Indian Rupee Surges on RBI Intervention, Logs Best Day in Two Months

Mumbai, December 17, 2025 – The Indian rupee made a strong comeback on Wednesday, posting its best one-day gain in two months after decisive intervention by the Reserve Bank of India (RBI) halted a five-day losing streak. The currency closed at 90.38 per U.S. dollar, up 0.7% from Tuesday’s close of 91.0275, reversing losses from earlier in the week.

Traders noted that the rupee had touched an all-time low of 91.0750 in the previous session, before jumping sharply after the RBI stepped in to stabilize the currency.

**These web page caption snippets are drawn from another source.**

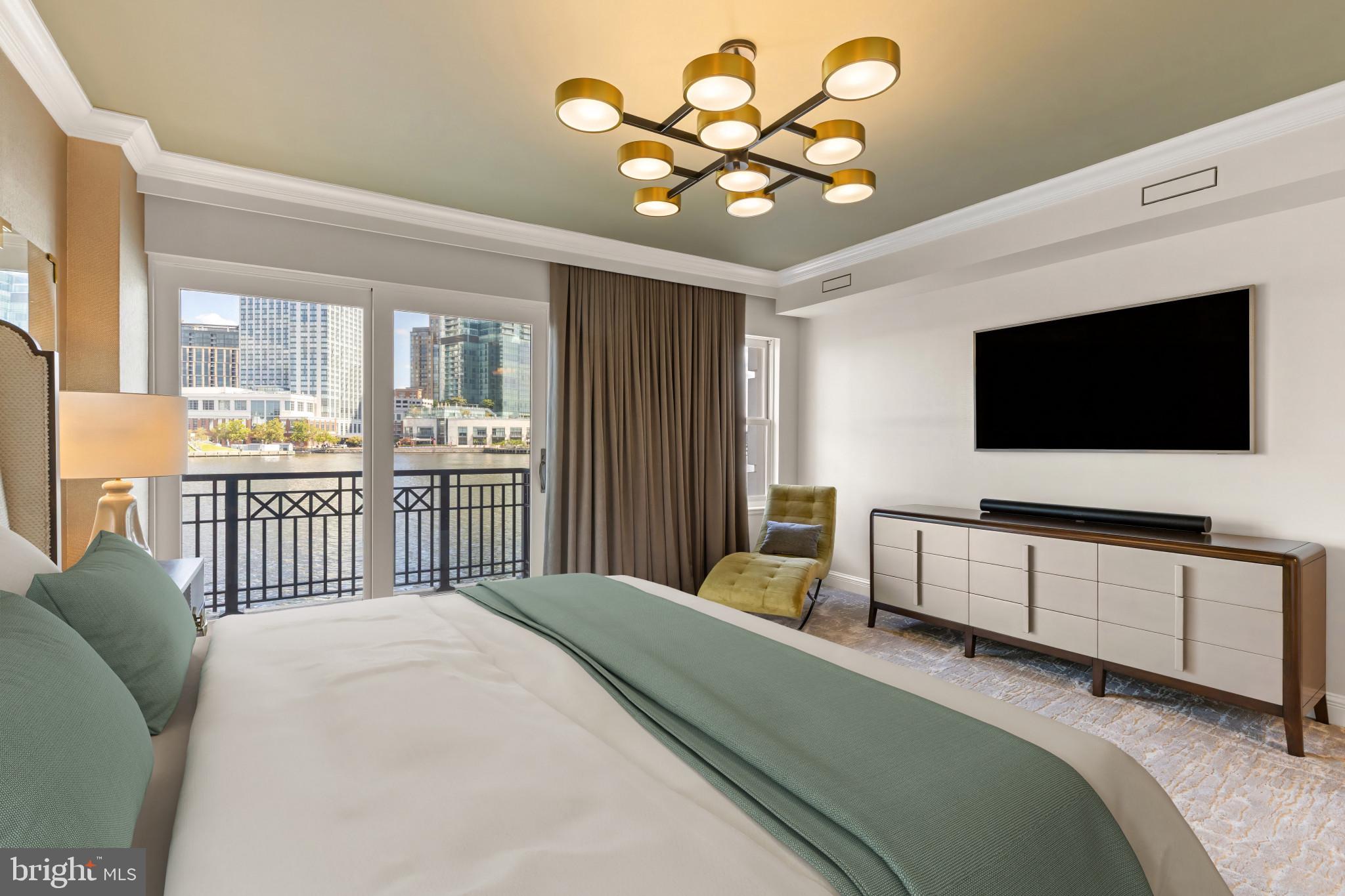 THE RITZ-CARLTON RESIDENCES - Residential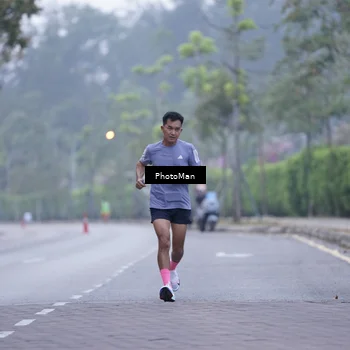 Runner Photo 8224388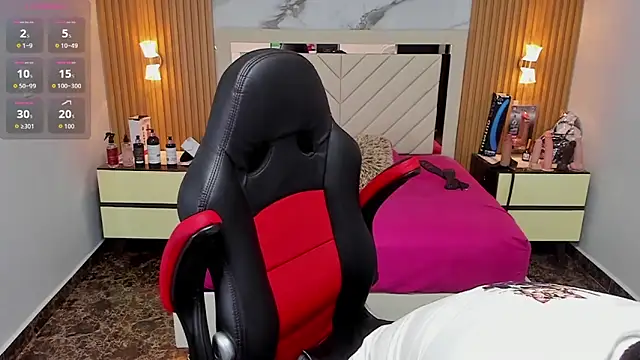 Snapshot of KAROLLJONES1 chatting on 09-24-25, 02:37 KAROLLJONES1 online show from 09-24-25, 02:37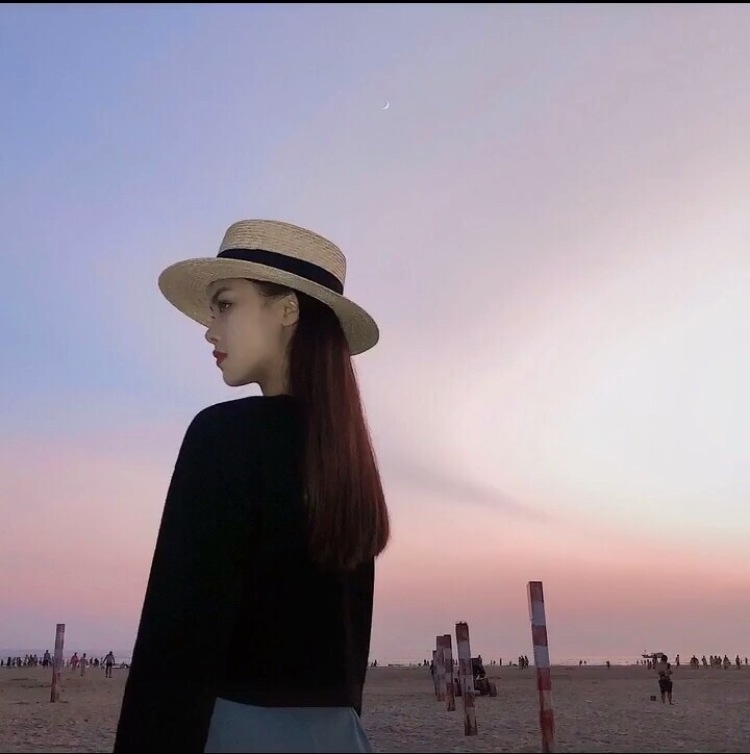 Fourteen-广西壮族自治区·南宁市·兴宁区-抖音-女模特一名,喜欢拍照擅长找角度 是一名化妆师、美甲师 想接衣服,戒指,手链,项链,耳环,假睫毛口红眼影等化妆品寄拍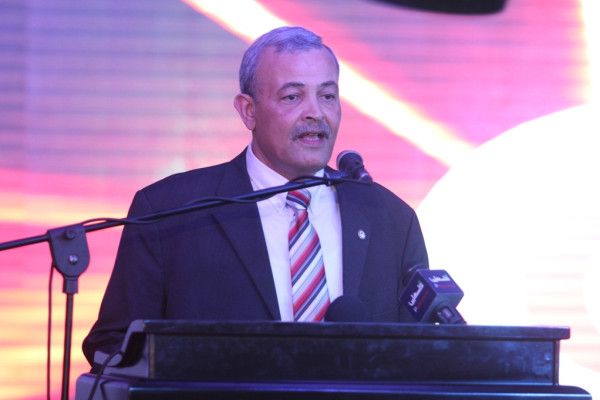 رئيس جمعية الهلال الأحمر الفلسطيني يلتقي ولي عهد بريطانيا لبحث الاستجابة الإنسانية بغزة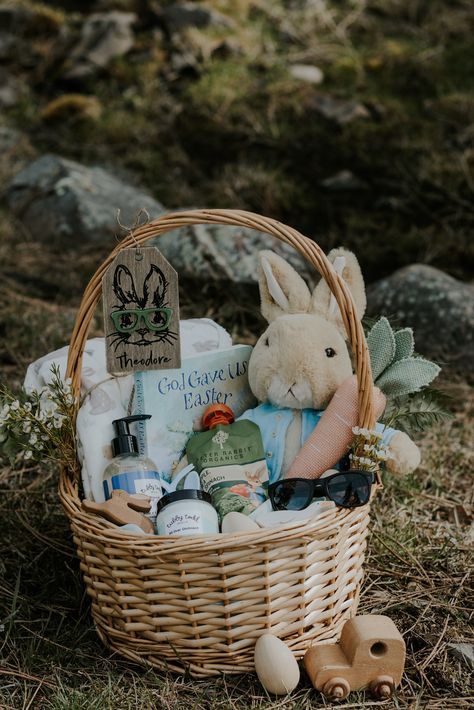 Baby Newborn Easter Basket, Christian Easter Basket, Simple Easter Baskets, Spring Easter Basket, Boys Easter Basket, Baby Easter Basket, Easter Gift Boxes, Baby Boy Easter, Easter Egg Basket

The central bank’s intervention aimed to curb speculative pressure and prevent further depreciation, echoing its aggressive measures in October and November.

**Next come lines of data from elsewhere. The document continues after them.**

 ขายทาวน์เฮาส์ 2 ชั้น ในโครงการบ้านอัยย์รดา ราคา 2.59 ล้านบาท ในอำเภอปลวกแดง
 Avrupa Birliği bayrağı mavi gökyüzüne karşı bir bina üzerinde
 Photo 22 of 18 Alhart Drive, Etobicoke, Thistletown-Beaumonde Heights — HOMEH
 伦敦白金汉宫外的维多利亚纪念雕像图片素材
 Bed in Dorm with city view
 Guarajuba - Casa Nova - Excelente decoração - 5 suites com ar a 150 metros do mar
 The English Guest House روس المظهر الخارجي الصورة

RBI Steps In to Stabilize the Rupee

The RBI’s move signals its concern over the rapid depreciation of the rupee beyond recent trading ranges, according to Abhishek Goenka, CEO of FX advisory firm IFA Global. He said:

“While the broader bias for USD/INR remains influenced by trade deals and capital flow dynamics, today’s action reinforces the RBI’s role as a stabilizer rather than a defender of fixed levels.”

The rupee had declined nearly 2% in December prior to the intervention, making it Asia’s worst-performing currency this year. Factors contributing to the rupee’s weakness include:

  • Stalled U.S.-India trade talks
  • Record portfolio outflows
  • Corporate caution amid fears of further depreciation

Trade and Capital Flow Dynamics

Data from clearing houses showed elevated importer activity in November, while exporters held back, adding pressure to the currency. Despite trading in “undervaluation” territory, investors remain cautious in buying Indian stocks and bonds, citing ongoing uncertainty over a missing trade agreement with the U.S.

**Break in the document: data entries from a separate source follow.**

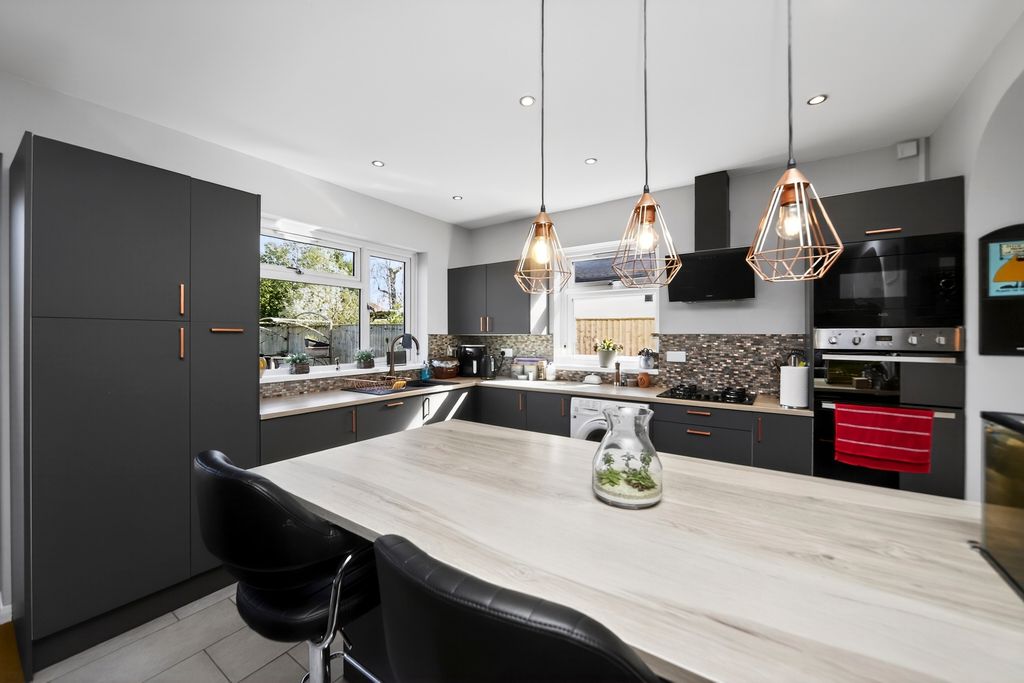 Property photo 2 of 25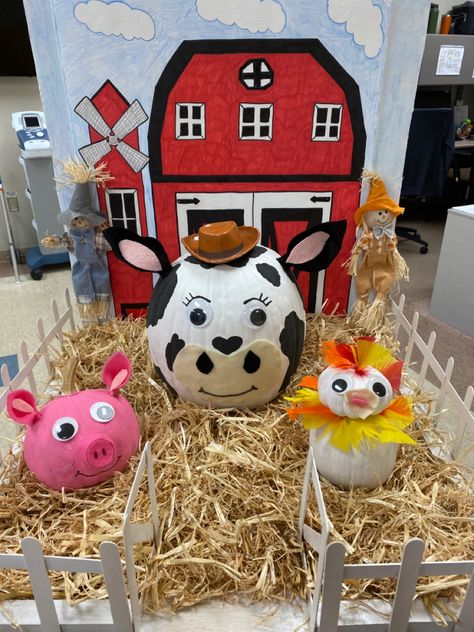 No carve pumpkin farm Uncut Pumpkin Decorating, Pumpkin Animals Ideas, Classroom Pumpkin Decorating, Painted Chicken Pumpkin, Trunk Or Treat Cow Theme, Farm Themed Pumpkin Carving, Cow Pumpkin Decorating, Pumpkin Contest Ideas No Carve Hospital, Farm Pumpkin Carving Ideas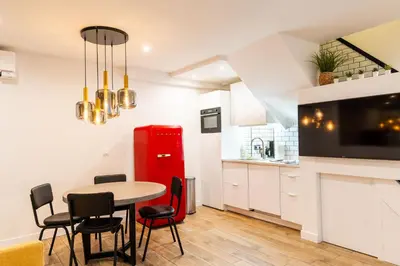 Cuisine ou kitchenette dans l'établissement Town House Nation, Bastille, AC by LCC Agency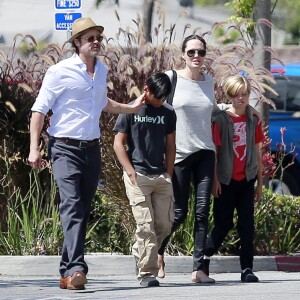 Exclusif - Brad Pitt et Angelina Jolie font du shopping au magasin Toy'R'Us avec leurs enfants Shiloh et Pax à Glendale, le 10 juillet 2015.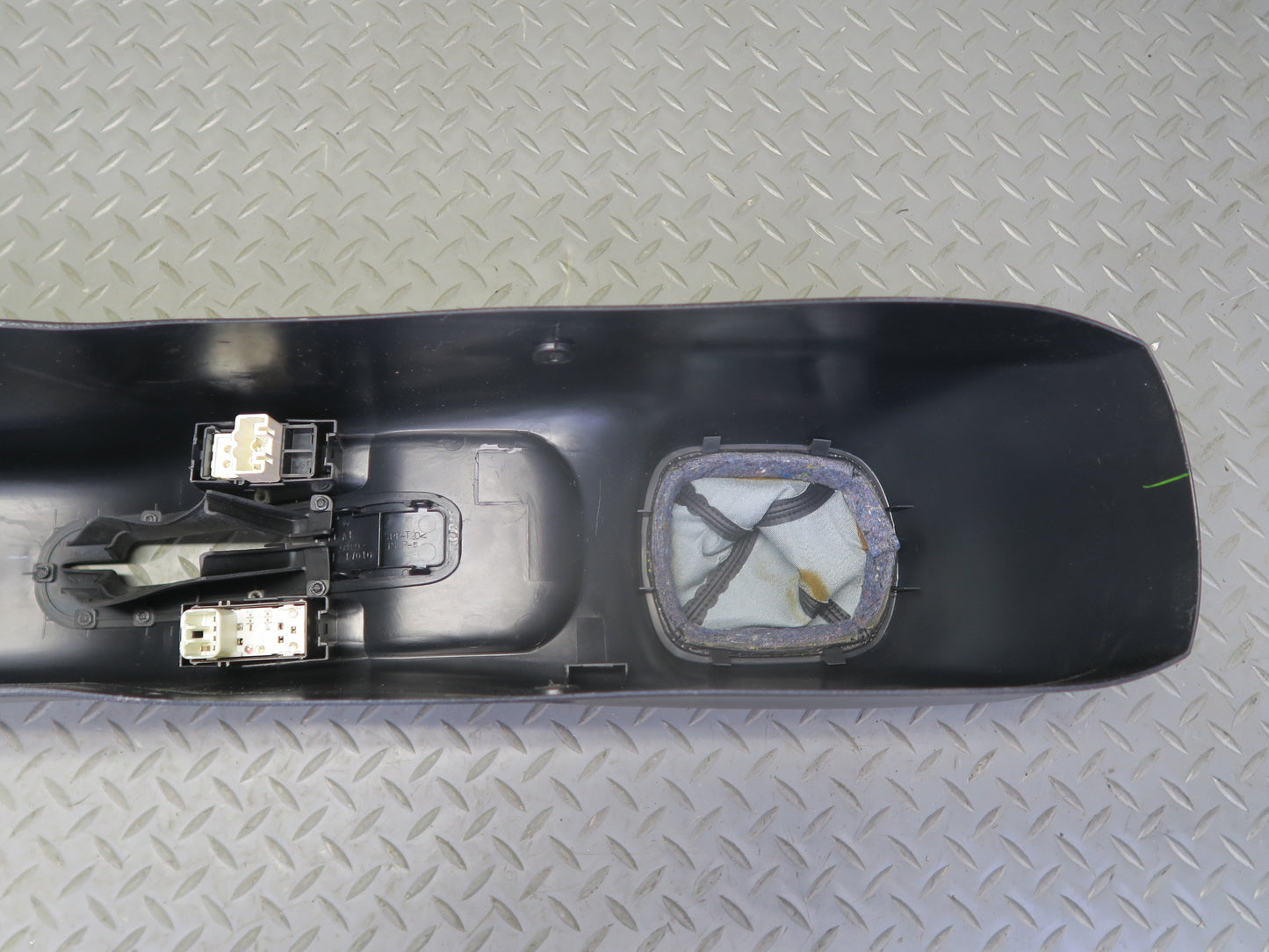00-05 Toyota MR2 Spyder ZZW30L Center Console Trim Cover Panel w Shift Boot OEM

At the same time, a broadly stronger U.S. dollar weighed on most Asian currencies. The dollar index rose nearly 0.4% to 98.6, underscoring global headwinds facing emerging market currencies.

Market Outlook

The RBI’s intervention demonstrates its willingness to stabilize the rupee through market operations, rather than maintain a fixed exchange rate. Analysts expect that while short-term volatility may persist, policy actions and trade developments will remain key drivers for the rupee’s trajectory in the coming months.

Investors are closely monitoring capital inflows, export activity, and bilateral trade negotiations, which will influence both the currency and broader Indian financial markets.